> **AVAILABLE RECORDS**:
————————

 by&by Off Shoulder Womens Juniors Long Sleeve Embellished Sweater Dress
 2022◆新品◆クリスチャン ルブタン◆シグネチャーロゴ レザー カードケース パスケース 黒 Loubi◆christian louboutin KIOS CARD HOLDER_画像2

————————

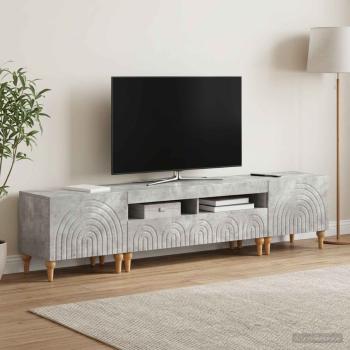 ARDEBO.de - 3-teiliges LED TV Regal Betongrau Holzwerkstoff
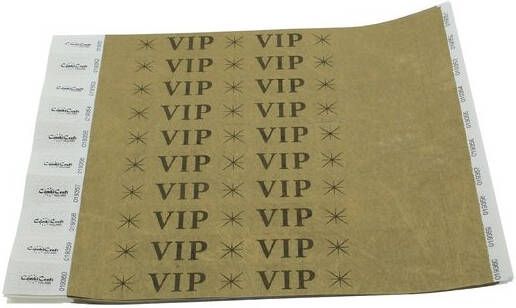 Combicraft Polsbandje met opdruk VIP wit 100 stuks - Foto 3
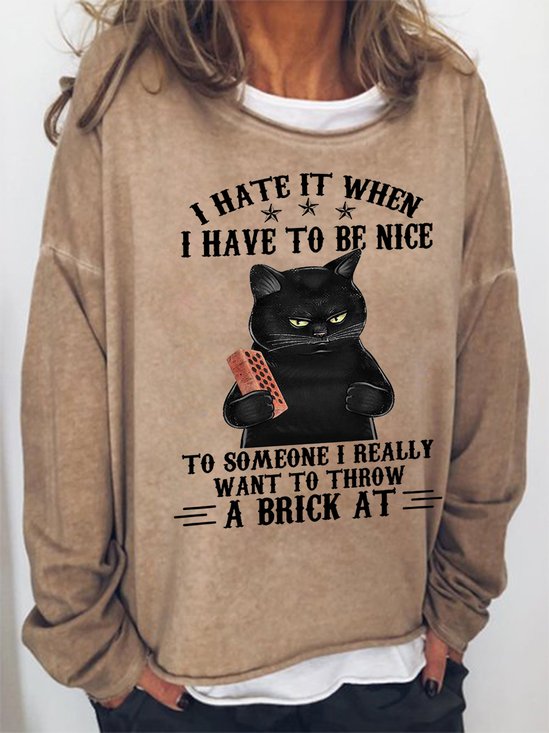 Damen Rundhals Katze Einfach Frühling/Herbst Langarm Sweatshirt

————————

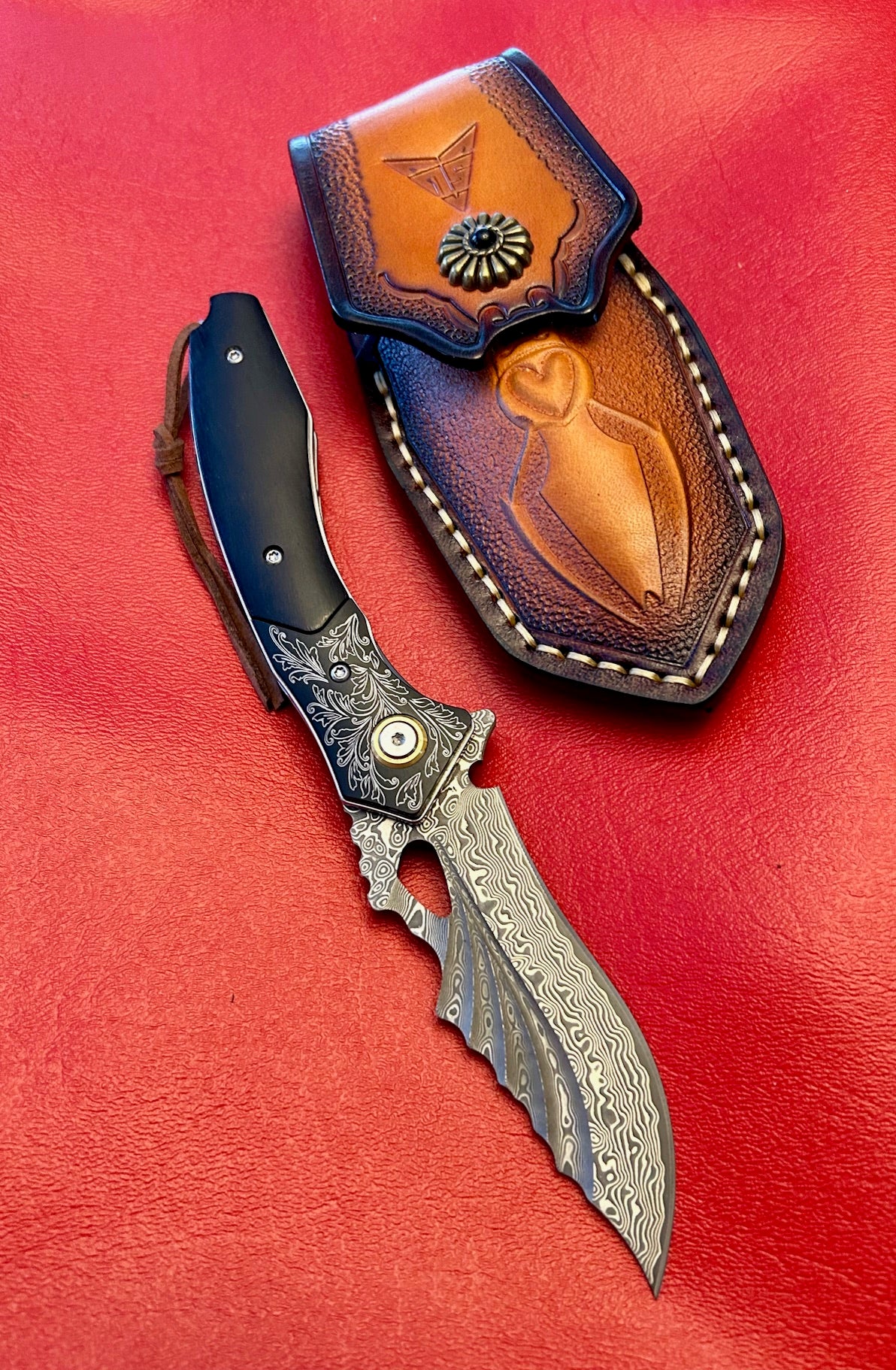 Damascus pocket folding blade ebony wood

————————

> **WHAT THE TASK REQUIRES**:
Everything from the line above that contains "ARDEBO.de - 3-teiliges" down to the line that contains "Damen Rundhals Katze" must be reproduced exactly, both ends included. Omit the pictures.

> **EXPECTED ANSWER**:
 ARDEBO.de - 3-teiliges LED TV Regal Betongrau Holzwerkstoff
 Combicraft Polsbandje met opdruk VIP wit 100 stuks - Foto 3
 Damen Rundhals Katze Einfach Frühling/Herbst Langarm Sweatshirt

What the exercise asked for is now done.